What is Anti-Money Laundering & Counter Terrorism Financing?
When you hear the phrase ‘money laundering’, your thoughts might drift to popular TV shows like Narcos, Breaking Bad or Ozark. This criminal practice has been a key part of some of the most successful pop culture movies and TV shows in recent years. But these shows are a far cry from conveyancing and the property industry in Australia. Despite this, discussions about money laundering in conveyancing forums are increasingly relevant.
According to the Australian Institute of Criminology, it is estimated that serious and organised crime cost the Australian community up to $60.1 billion in 2020-21. Anti-Money Laundering (AML) and Counter Terrorism Financing (CTF) are essential measures designed to combat these kinds of financial crimes. AML & CTF initiatives help safeguard the integrity of our financial system by preventing criminals from legitimising illegal earnings or funding harmful activities.
OK, so who is AUSTRAC, and how are they involved?
In Australia, the regulatory framework for AML & CTF is coordinated by AUSTRAC (a.k.a. the Australian Transaction Reports and Analysis Centre). AUSTRAC oversees compliance, ensuring that financial activities remain above board. Essentially, they’re Australia’s financial intelligence unit, and they are mandated to prevent money laundering, terrorism financing, and other such financial crimes. AUSTRAC plays a pivotal role in collecting financial intelligence and sharing its findings with law enforcement like the Australian Federal Police (AFP) and other entities, helping to uncover criminal operations.

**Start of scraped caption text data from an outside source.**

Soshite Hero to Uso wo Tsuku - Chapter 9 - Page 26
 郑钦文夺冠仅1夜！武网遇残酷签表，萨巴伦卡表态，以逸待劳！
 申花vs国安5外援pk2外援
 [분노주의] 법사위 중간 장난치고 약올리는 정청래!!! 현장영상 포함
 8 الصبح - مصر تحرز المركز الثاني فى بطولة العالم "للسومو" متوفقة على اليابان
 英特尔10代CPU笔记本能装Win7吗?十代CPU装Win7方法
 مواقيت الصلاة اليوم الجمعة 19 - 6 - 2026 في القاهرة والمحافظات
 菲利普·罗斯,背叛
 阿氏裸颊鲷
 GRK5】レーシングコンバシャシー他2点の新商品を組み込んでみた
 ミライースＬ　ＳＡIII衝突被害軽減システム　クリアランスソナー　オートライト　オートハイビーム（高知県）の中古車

Operation Avarus-Midas: A Case Study
In 2023, AUSTRAC was instrumental in Operation Avarus-Midas, which led to the identification and arrest of nine members of a criminal syndicate in NSW. From 2017 to 2022, the group laundered over $150 million through property, cash, and luxury items.
As a result of the AFP investigation, orders were subsequently issued under the Proceeds of Crime Act 2002 (Cth) in relation to more than 20 properties in Sydney. These included multiple commercial buildings, two high-value houses in Sydney’s eastern suburbs and a 360-hectare tract of land near the site of Sydney’s second international airport worth $47 million. This case illustrates how criminal enterprises exploit legal financial and property systems to mask their operations.
So, how does this impact Australian property conveyancers?
The Australian Government is currently reviewing its AML/CTF legislation with plans to extend its reach to ‘Tranche 2’ services. Tranche 2 services are certain high-risk professions that the Attorney General has identified as part of the reforms and include professionals like lawyers, conveyancers, accountants and real estate agents. Historically, these professions have been outside the scope of the most stringent AML/CTF requirements. The proposed changes aim to bring these professions under the AML/CTF regulatory umbrella, making it much more difficult for criminals to misuse assets, such as real estate, for laundering illicit gains.
For conveyancers, these legislative changes mean more than just additional paperwork. Specific compliance measures outlined in the second stage consultation Paper 2, require conveyancing practitioners to enact specific compliance measures:
- Enrollment with AUSTRAC: Under the proposed reforms, conveyancers would be a reporting entity and thus required to register with AUSTRAC.
- AML/CTF Programs: It is proposed that they develop and maintain an AML/CTF program tailored to their operations. This would involve assessing and mitigating risks associated with their clients and services.
- Due Diligence: Customer due diligence would be a key component of the reforms, requiring conveyancers to both initially assess the legitimacy of their clients and the sources of their funds, as well as throughout their business relationship.
- Reporting: Certain transactions and activities would be required to be reported to AUSTRAC via your online account.
During the earlier consultation phase, feedback from various industry bodies suggested that some or all of these measures may be unduly onerous on the conveyancing community, which is comprised largely of small businesses. In the second consultation phase, the Attorney General outlined broader reforms to simplify the proposed regime, including introducing a ‘business group’ concept, where groups of related entities could choose to manage their common risks and compliance obligations.
It is important to note that these reforms are still in the consultation phase. Stage 2 consultation closed on 13 June 2024, and it is anticipated that regulations will not be updated until at least 2025.
What happens next?
As we approach the implementation of the Tranche 2 reforms (however they end up looking), conveyancers and real estate professionals have the opportunity to prepare for a shift in how they manage their responsibilities. It is crucial that industry takes the lead in embedding best practices into their business and aligning themselves with partners who will support them and equip them with the tools to ensure compliance with minimal impact on their business and team.
Scantek is closely monitoring the developments of this latest consultation phase and is committed to supporting our clients in making the transition to the new regulations as smooth and seamless as possible.